厚生労働大臣が指定する化学物質および、その含有量が1%以上の製品が対象です。代表的ながん原性指針対象物質は以下の通りです。

物質名 備考・用途
アクリル酸メチル 樹脂原料・塗料用途、有機溶剤中毒予防規則対象物質
アクロレイン 防腐剤・中間体、強い刺激性を有する
N,N-ジメチルアセトアミド 溶剤用途、皮膚吸収毒性が高い
スチレン 合成樹脂原料、PRTR法対象物質
トリクロロエチレン 金属洗浄剤などに使用、がん原性指針対象

SDS作成時は、有機則やPRTR法との法的整合性を確認し、法令区分・分類を明示することが重要です。

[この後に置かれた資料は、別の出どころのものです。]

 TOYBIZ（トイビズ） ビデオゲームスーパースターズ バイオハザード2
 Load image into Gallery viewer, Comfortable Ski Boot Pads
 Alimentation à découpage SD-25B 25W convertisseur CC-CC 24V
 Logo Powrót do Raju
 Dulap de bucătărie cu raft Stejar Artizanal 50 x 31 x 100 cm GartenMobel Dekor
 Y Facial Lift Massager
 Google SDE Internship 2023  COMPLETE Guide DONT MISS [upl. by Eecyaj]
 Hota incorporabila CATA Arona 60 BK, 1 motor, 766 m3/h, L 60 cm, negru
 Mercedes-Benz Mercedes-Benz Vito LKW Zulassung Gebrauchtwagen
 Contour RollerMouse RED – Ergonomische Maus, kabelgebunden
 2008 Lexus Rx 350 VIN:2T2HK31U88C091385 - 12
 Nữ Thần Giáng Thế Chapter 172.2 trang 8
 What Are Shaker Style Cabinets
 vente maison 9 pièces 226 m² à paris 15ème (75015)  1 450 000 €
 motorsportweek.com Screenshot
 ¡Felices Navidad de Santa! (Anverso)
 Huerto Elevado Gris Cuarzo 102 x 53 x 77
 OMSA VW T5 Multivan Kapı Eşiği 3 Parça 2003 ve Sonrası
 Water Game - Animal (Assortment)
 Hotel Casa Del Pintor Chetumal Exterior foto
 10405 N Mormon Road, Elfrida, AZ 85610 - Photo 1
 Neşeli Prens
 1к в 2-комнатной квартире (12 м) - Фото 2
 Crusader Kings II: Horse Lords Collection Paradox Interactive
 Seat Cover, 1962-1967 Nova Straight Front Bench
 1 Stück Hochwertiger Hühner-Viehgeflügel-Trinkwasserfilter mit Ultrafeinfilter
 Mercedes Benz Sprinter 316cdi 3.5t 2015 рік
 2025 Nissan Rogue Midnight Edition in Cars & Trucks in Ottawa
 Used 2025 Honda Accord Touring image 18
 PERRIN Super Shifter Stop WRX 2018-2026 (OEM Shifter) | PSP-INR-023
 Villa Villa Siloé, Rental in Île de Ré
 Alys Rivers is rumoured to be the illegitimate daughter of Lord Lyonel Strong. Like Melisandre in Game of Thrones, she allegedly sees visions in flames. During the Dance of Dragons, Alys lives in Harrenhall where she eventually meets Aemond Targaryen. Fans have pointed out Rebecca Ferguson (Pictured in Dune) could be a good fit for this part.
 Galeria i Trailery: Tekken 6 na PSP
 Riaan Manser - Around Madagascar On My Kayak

指針に基づく主要な措置内容(SDSの作成・活用を含む)

(1)ばく露低減措置

  • 工程の密閉化・局所排気装置の設置
  • 適切な保護具の使用・作業時間の短縮
  • 作業基準書(操作手順書)の策定と教育

これらはSDSの「取扱い及び保管上の注意」や「ばく露防止及び保護措置」欄に反映する必要があります。

(2)作業環境測定

対象物質の空気中濃度を6か月以内ごとに1回測定し、その結果を評価・記録します。測定結果や改善措置は30年間保存が必要です。SDSの「物理的及び化学的性質」および「ばく露基準」との整合性を確認することが大切です。

(3)労働衛生教育

教育内容(4.5時間以上)には、SDS情報を用いて以下を指導します。

  • 対象物質の性状・有害性(SDS情報に基づく)
  • 健康障害のメカニズムと応急措置
  • 排気装置・保護具の使用と保守管理
  • 法令遵守とリスクアセスメントの理解

(4)労働者の記録保存

労働者の氏名、従事業務、ばく露期間、異常発生時の状況を記録し、30年間保存します。これらはSDSに基づくリスクアセスメント記録として連携させる必要があります。

(5)SDS作成・交付義務

がん原性指針対象物質を譲渡・提供する際は、SDSを交付し、容器や包装に名称・区分を明示する義務があります。
SDS更新時は、GHS分類・法令改正・新規データを反映し、関係部署で共有・再教育を行うことが求められます。

まとめ(SDS作成とがん原性指針の実践的連携)

がん原性指針対象物質を扱う事業者は、SDS作成・交付を通じて、化学物質の危険有害性を正確に伝えることが重要です。
SDSは法令対応の基礎であると同時に、ばく露防止・教育・表示・記録保存といった安全衛生活動の中心的役割を担います。
最新の情報を反映したSDS作成が、法令遵守と労働者保護の両立を実現します。